The project does not hide its movement mechanism, which appears as a confusing and intriguing device to an uninitiated viewer. It is also, at the outset, a peculiar thing in a space that is generally absent any sort of interactive, tangible installation. (If they have anything at all to see or engage with, bus stops usually either offer printed ads or public service announcements, mounted behind often cloudy plastic.) Start the Stop is a weird thing, out of place, and worth attention for that if no other reason. It aims to intrigue and draw users in through curiosity.

The device essentially functions as an Etch-a-Sketch. It's different in a few key ways: it does not have any erasability, is larger, draws on paper rather than a magnetic screen, and is built to withstand the elements. Coming out of the right and left sides of the main device box are long cables, each with a control knob in the middle.
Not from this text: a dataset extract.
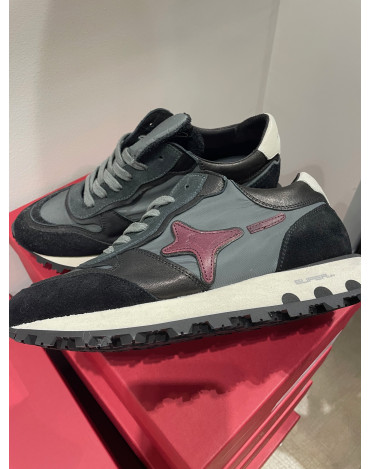 Zapatilla gris Ama Brand 2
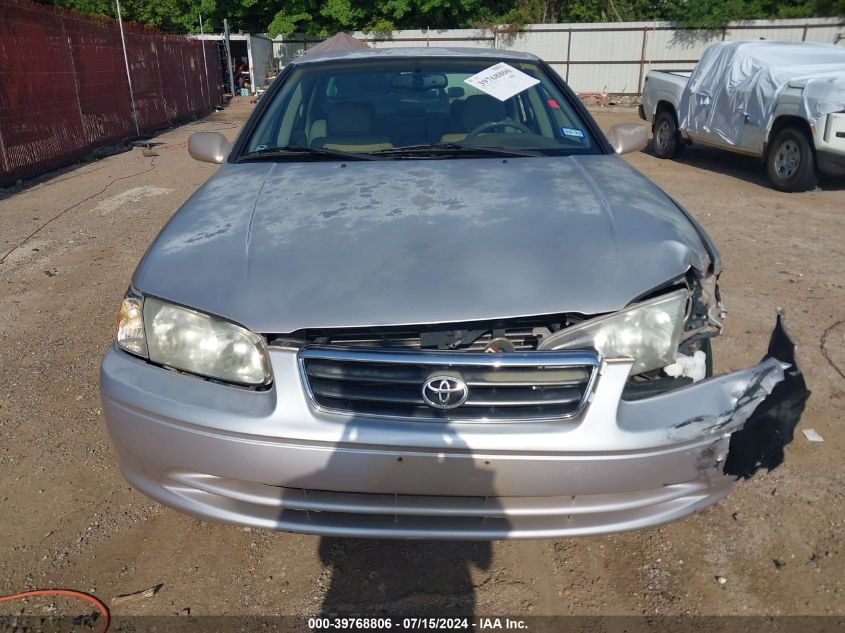 2000 Toyota Camry Le V6 VIN: 4T1BF22K7YU949451 Lot: 39768806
Turning one of the control knobs drives the pencil/crayon/etc. inside the main box left and right, whereas turning the other knob drives that same pencil/crayon/etc. up and down.

And while most people would probably use an Etch-a-Sketch by themselves, that's not possible with Start the Stop by design: the two control knobs are about 8 feet apart from each other, each mounted on one of the support columns of the bus stop. If you want to make a drawing, you'll need to find a friend to manage the other axis. This is, of course, the entire conceit of the project: encouraging (without explicitly stating this encouragement) fun collaborative engagement with strangers on a creative effort.